=== Problem description ===
The material below holds the lines to copy: from the one with "Amalfi - Counter Stool Taupe" up to and including the one with "2 PCS COMPLETE". Copy them exactly and skip the pictures.

=== Provided information ===
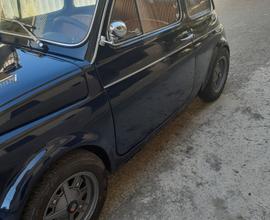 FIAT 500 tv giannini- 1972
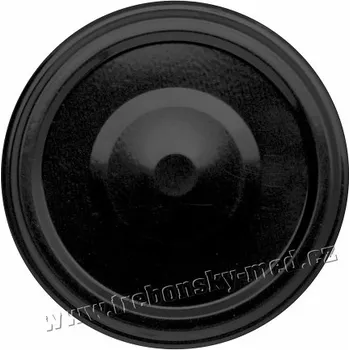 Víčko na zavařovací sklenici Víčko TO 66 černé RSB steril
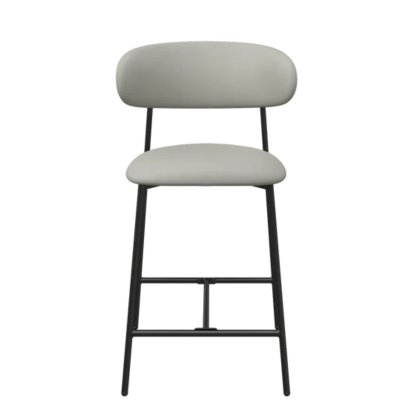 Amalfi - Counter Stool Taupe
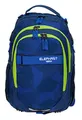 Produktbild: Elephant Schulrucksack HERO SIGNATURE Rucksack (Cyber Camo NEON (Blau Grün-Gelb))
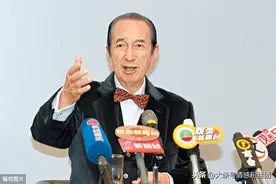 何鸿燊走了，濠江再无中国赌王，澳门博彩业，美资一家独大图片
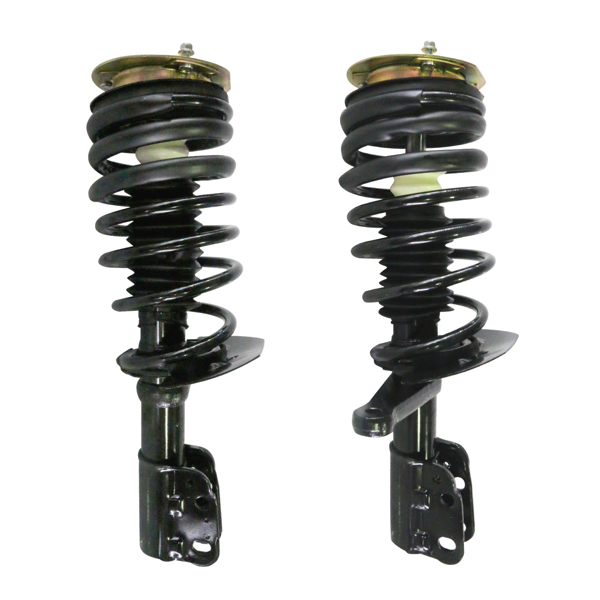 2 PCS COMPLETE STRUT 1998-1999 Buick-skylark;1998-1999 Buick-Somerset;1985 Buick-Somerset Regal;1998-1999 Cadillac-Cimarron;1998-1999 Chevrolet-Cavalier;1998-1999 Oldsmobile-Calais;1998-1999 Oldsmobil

---

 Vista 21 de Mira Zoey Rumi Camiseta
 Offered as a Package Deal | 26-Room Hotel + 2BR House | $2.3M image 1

...

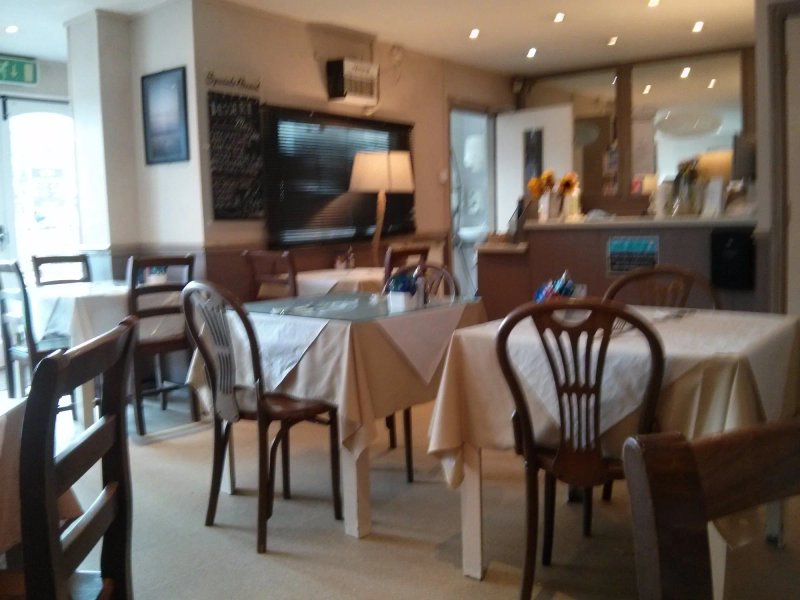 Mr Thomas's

=== Reply to the task ===
 Amalfi - Counter Stool Taupe
 Produktbild: Elephant Schulrucksack HERO SIGNATURE Rucksack (Cyber Camo NEON (Blau Grün-Gelb))
 何鸿燊走了，濠江再无中国赌王，澳门博彩业，美资一家独大图片
 2 PCS COMPLETE STRUT 1998-1999 Buick-skylark;1998-1999 Buick-Somerset;1985 Buick-Somerset Regal;1998-1999 Cadillac-Cimarron;1998-1999 Chevrolet-Cavalier;1998-1999 Oldsmobile-Calais;1998-1999 Oldsmobil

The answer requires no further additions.